Durant toute son adolescence, Catherine fait des jeûnes « rigoureux, mais jamais sans excès par rapport aux normes à cette époque où l'on pratiquait un ascétisme héroïque »53(*). En effet, au XIIIème siècle, le jeûne est une pratique courante et se consiste en une « pénitence contrôlée dont le but [est] de purifier le corps »54(*). Son objectif est donc clair et sa durée limitée.

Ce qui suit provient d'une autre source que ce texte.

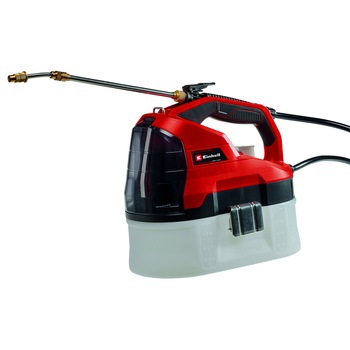 Pulverizatorul fara fir Einhell Power X-Change GE-WS 18/35 Li-Solo, capacitate rezervor 3.8 litri, presiune maxima pompa 3,5 bar, livrat fara acumulator si incarcator Pulverizatorul fara fir Einhell Power X-Change GE-WS 18/35 Li-Solo, capacitate rezervor 3.8 litri, presiune maxima pompa 3,5 bar, livrat fara acumulator si incarcator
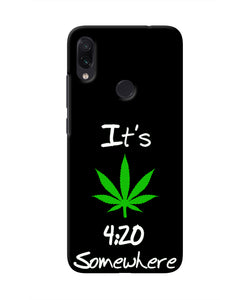 Weed Quote Redmi Note 7S Real 4D Back Cover
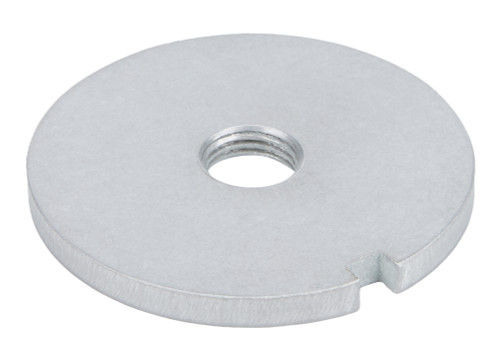 Bump Stop Washer - 2.250 in OD - 7/16-20 Thread - 0.185 in Thick - Aluminum - Natural - Fox Shocks - Each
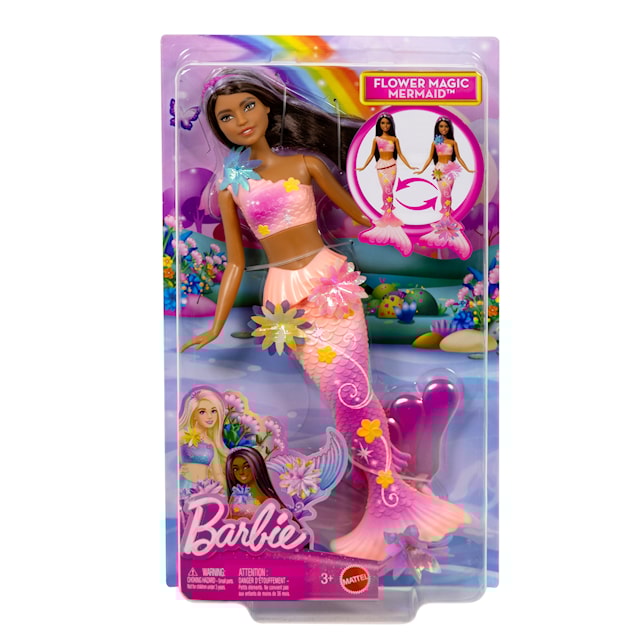 Produktbild 2 för Barbie Blooming Magic Rosa Sjöjungfru Modedocka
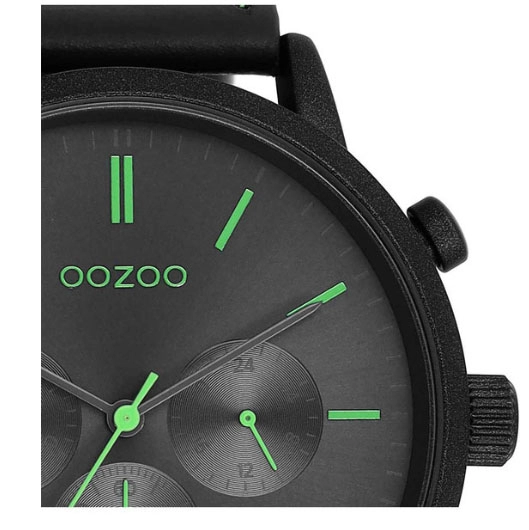 ΡΟΛΟΙ OOZOO  C11203 OOZOO Timepieces Black Leather Strap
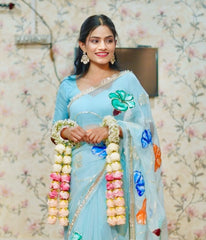 Premium Multicolor Floral Bridal Kalire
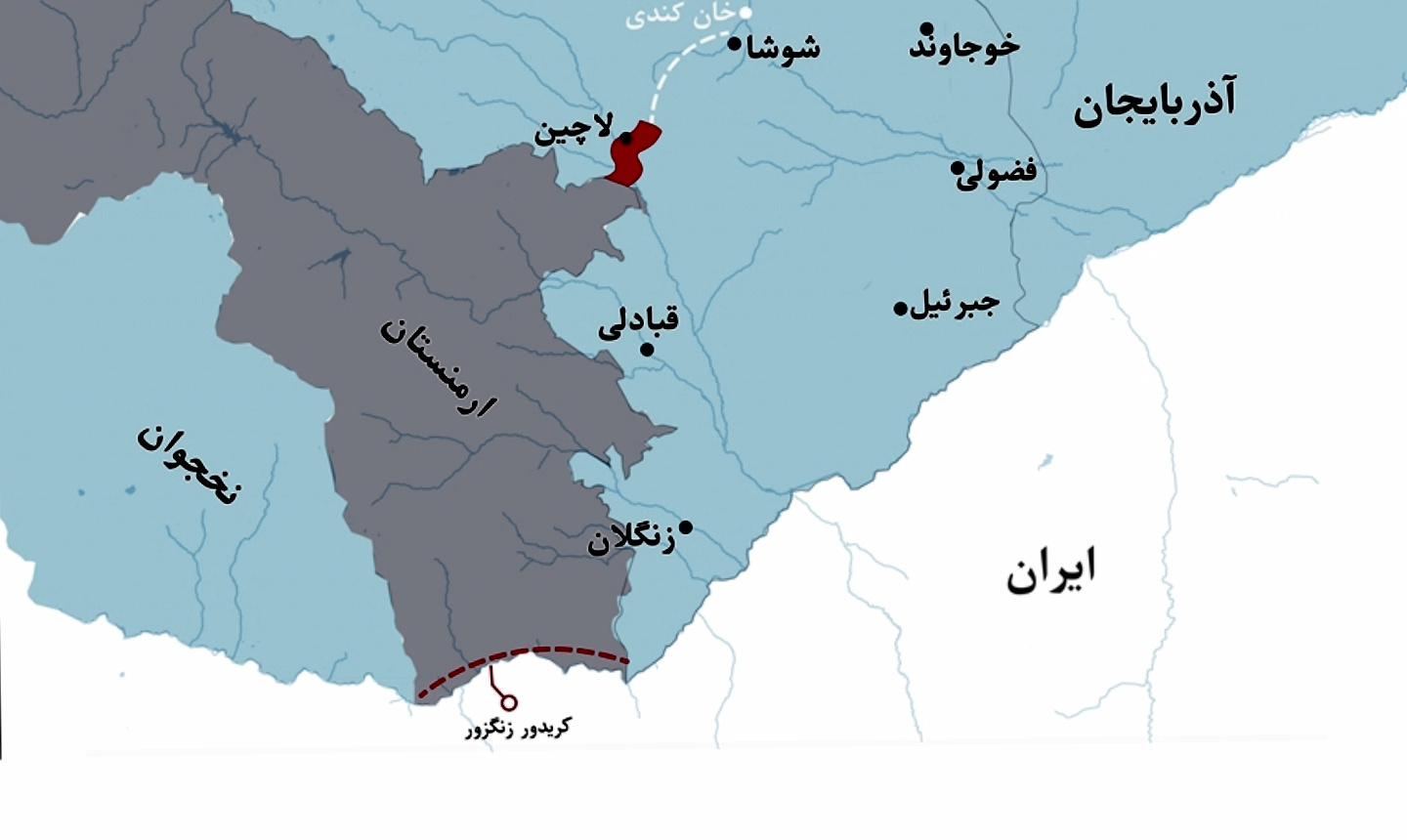 گذرگاه زنگه‌زور و هیاهوی مقامات ایران – ا. م. شیری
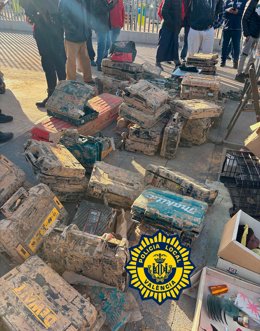 La Policia Local de Valncia decomissa, al Rastre, ferramentes robades en empreses afectades per la dana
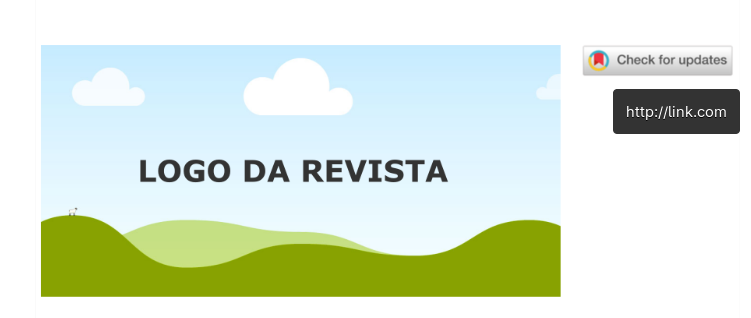 Logo da revista no topo do artigo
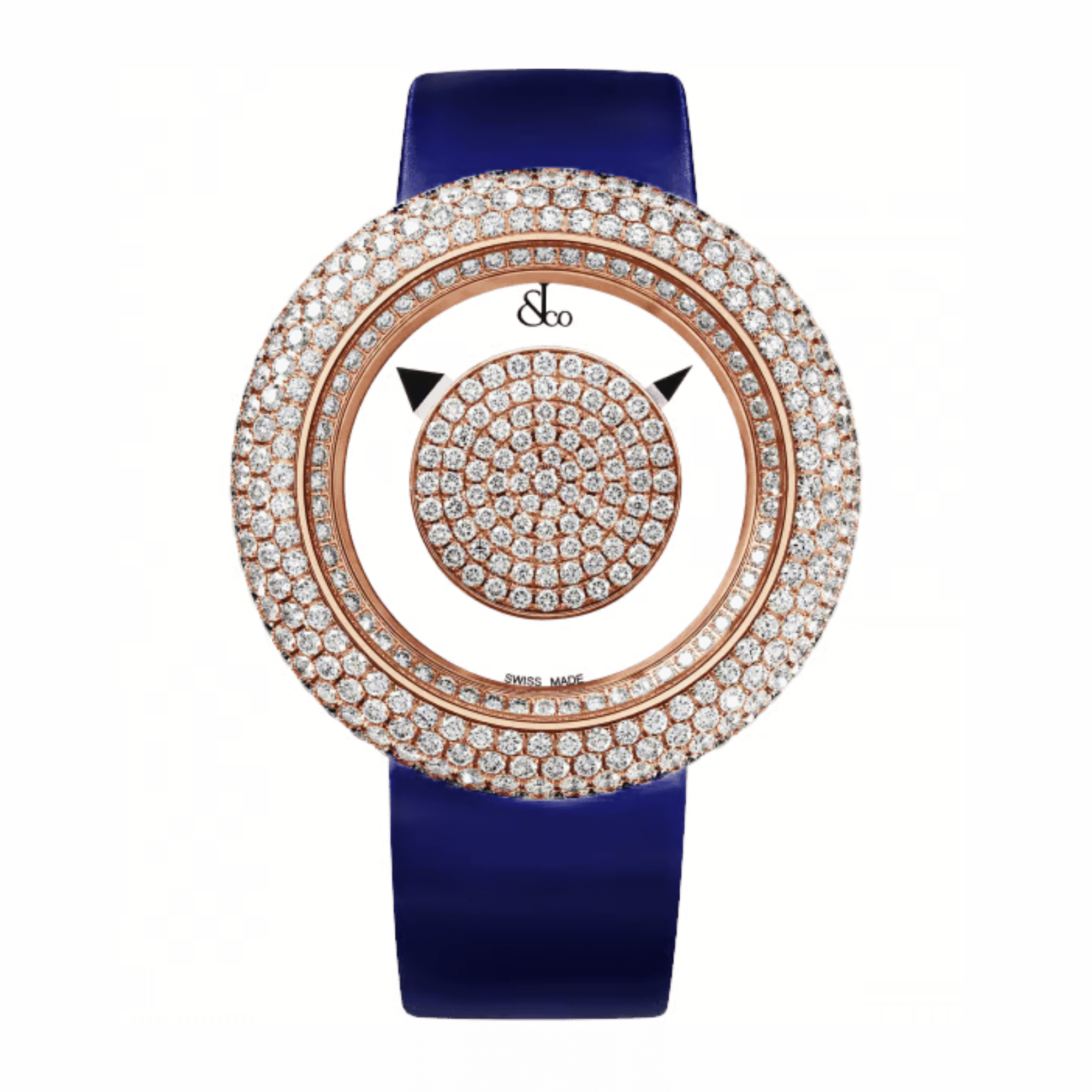 Brilliant Rose Gold Diamond Pave Dial 44mm Product Image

Catherine entre en conflit avec sa mère vers l'âge de douze ans. Cette dernière souhaite que sa fille apprenne à se tenir en société, à se maquiller... afin de trouver un époux, ce que refuse Catherine. Elle est alors confiée à l'une de ses soeurs aînées, Bonaventura car la jeune fille l'apprécie beaucoup et semble plus encline à lui obéir. Trois ans plus tard, Bonaventura meurt en couches : cet événement bouleverse Catherine qui s'engage dans la religion. Elle est persuadée que c'est « son engagement dans le monde »55(*) qui a provoqué la colère de Dieu qui s'est vengé sur Bonaventura. Catherine a alors quinze ans et prend la décision de se détacher du monde, son époux sera le Christ. Malgré les supplications de sa famille, elle refuse catégoriquement de se marier et dit devoir obéir à Dieu. A l'âge de seize ans, elle se convertit à un mysticisme radical et modifie profondément ses habitudes alimentaires qu'elle conserve jusqu'à sa mort. Elle limite ses repas à du pain, des herbes crues et de l'eau et perd rapidement la moitié de son poids56(*). Pour expliquer cet engagement, G. Raimbault et C. Eliacheff disent que « coupable d'être vivante, elle s'engage vers la solitude et la pénitence et entreprend méthodiquement de réduire son alimentation »57(*). A partir de ce moment-là, sa vie est entièrement dévouée à Dieu malgré les réticences de son entourage. Pendant trois ans, elle s'impose un voeu de silence complet excepté pour les confessions (elle vivait encore dans sa famille) et ne dort que trente minutes tous les deux jours. En plus de ses restrictions, elle s'administre des punitions. Par exemple, elle se flagelle avec une chaîne trois fois par jour58(*).

A travers ce récit de l'adolescence de Catherine de Sienne, nous voyons donc comment dans un contexte socio-historique particulier, un événement personnel est venu bouleverser la vie de cette jeune fille et l'a conduite progressivement à l'ascèse.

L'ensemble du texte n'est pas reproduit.